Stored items
--------
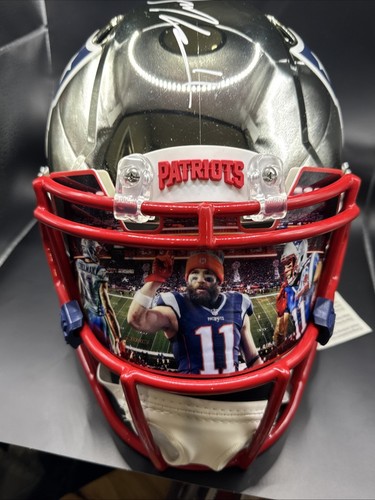 Julian Edelman Signed Full Size Helmet Custom w Dante Scarneccchia JSA Patriots - Picture 2 of 17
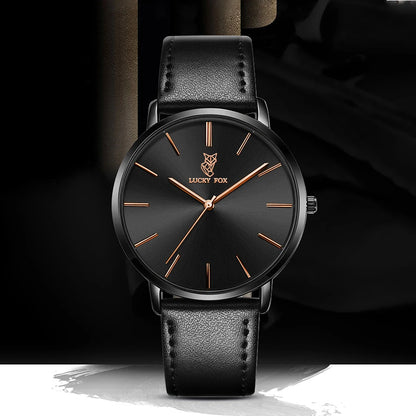 LUCKY FOX Classic Luxury Men Watch Simple Casual Men and Women Round Large Dial Quartz Watch Clock Gifts Men Reloj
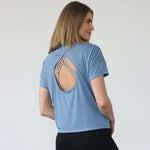 Abigail Short Sleeve Nursing T-Shirt | Pacific Blue | Milk & Baby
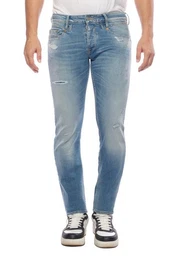 Slim-fit-Jeans mit trendigen Used-Details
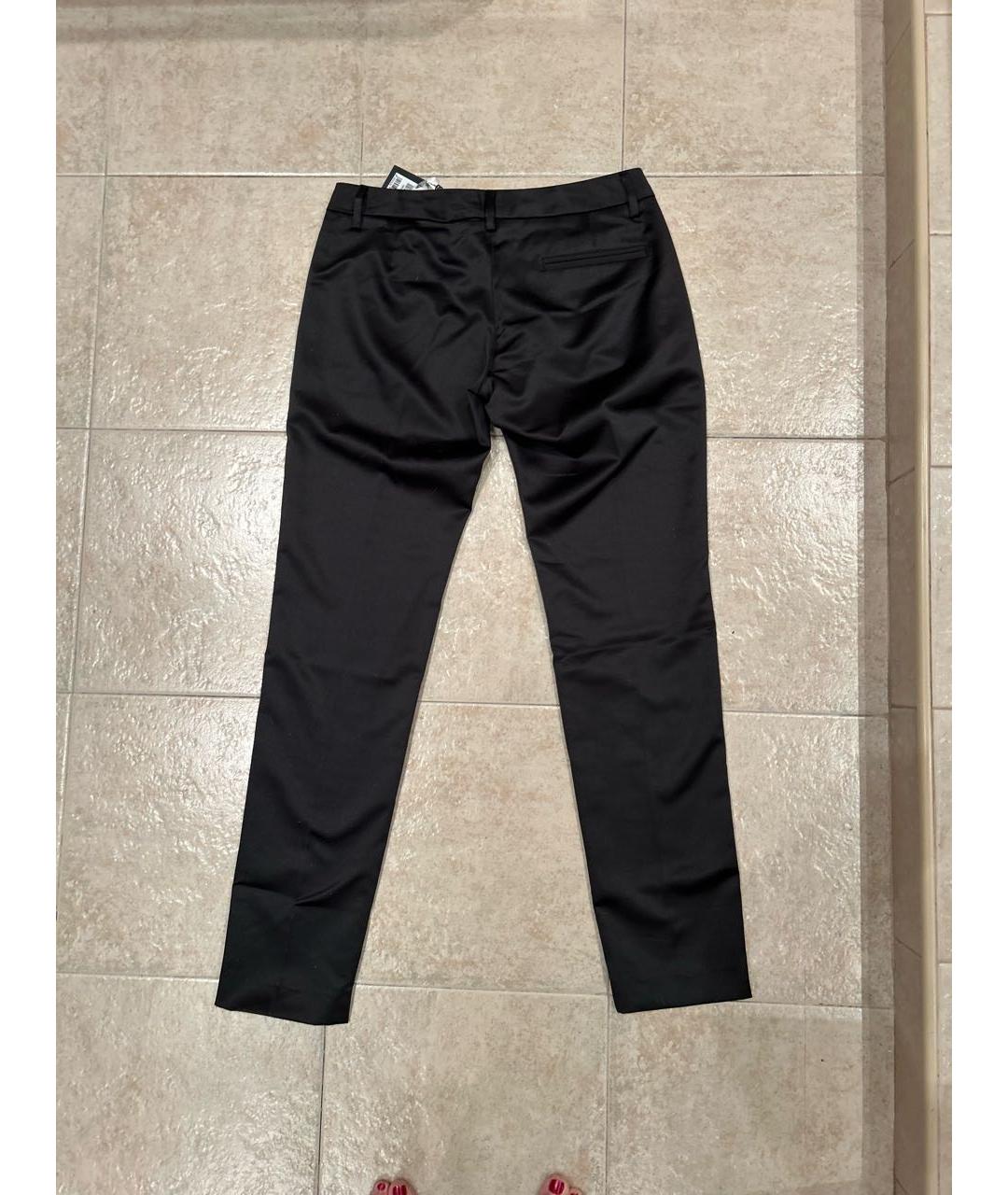 LOVE MOSCHINO Черные атласные прямые брюки, фото 2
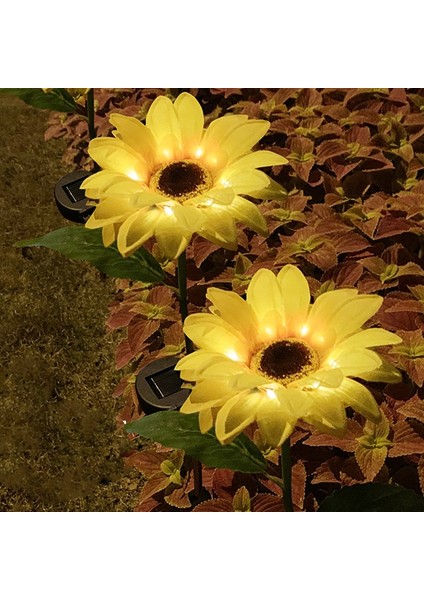 2pcs Ayçiçeği Şeklinde Güneş LED Işık, Kazıklı Bahçe Su Geçirmez Dekorasyon, Açık Avlu Çim Için Uygun (Yurt Dışından) fırsatları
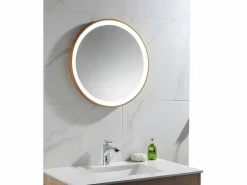 OZAIA Espejo de baño redondo luces led NUMEA 60x3.5x60 cm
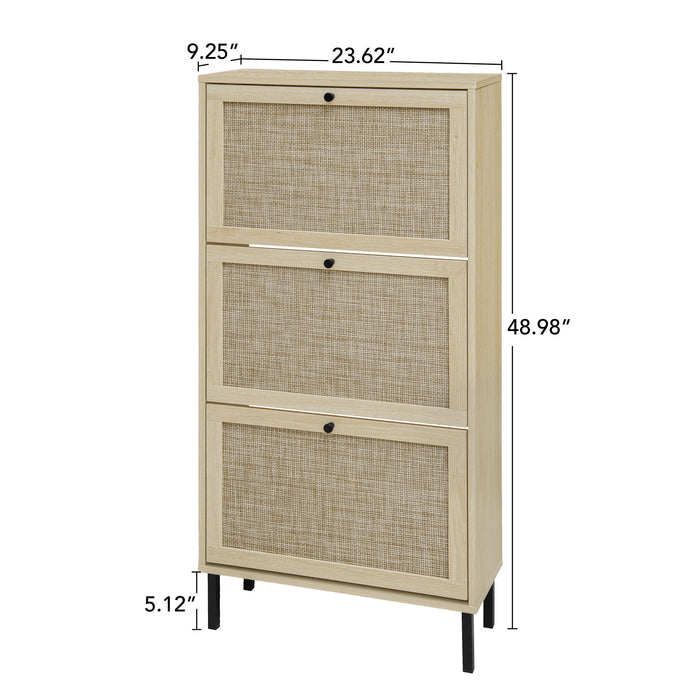 Modern Rattan 3 Door Shoe Rack Cabinet For Entryway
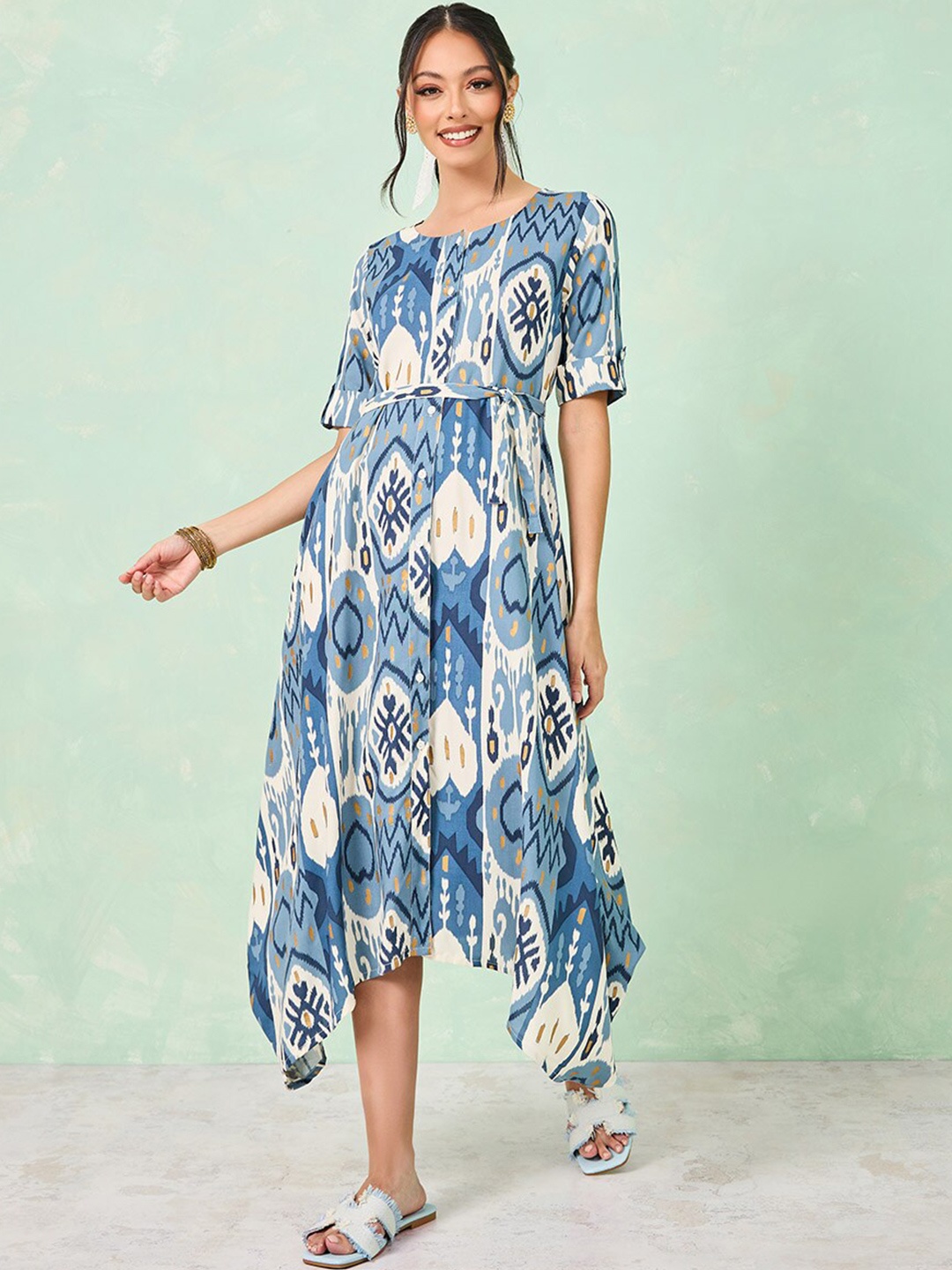 

Styli Navy Blue Ethnic Motifs Ikat Printed A-Line Midi Ethnic Dress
--------
#### [PROBLEM TO SOLVE]
Would you please copy, exactly and only, the lines from the one with "Abigail Short Sleeve" through the end of the entries above, skipping every picture?

#### [ANSWER BOX]
 Abigail Short Sleeve Nursing T-Shirt | Pacific Blue | Milk & Baby
 Slim-fit-Jeans mit trendigen Used-Details
 LOVE MOSCHINO Черные атласные прямые брюки, фото 2
 2pcs Ayçiçeği Şeklinde Güneş LED Işık, Kazıklı Bahçe Su Geçirmez Dekorasyon, Açık Avlu Çim Için Uygun (Yurt Dışından) fırsatları
 OZAIA Espejo de baño redondo luces led NUMEA 60x3.5x60 cm
 Modern Rattan 3 Door Shoe Rack Cabinet For Entryway

Styli Navy Blue Ethnic Motifs Ikat Printed A-Line Midi Ethnic Dress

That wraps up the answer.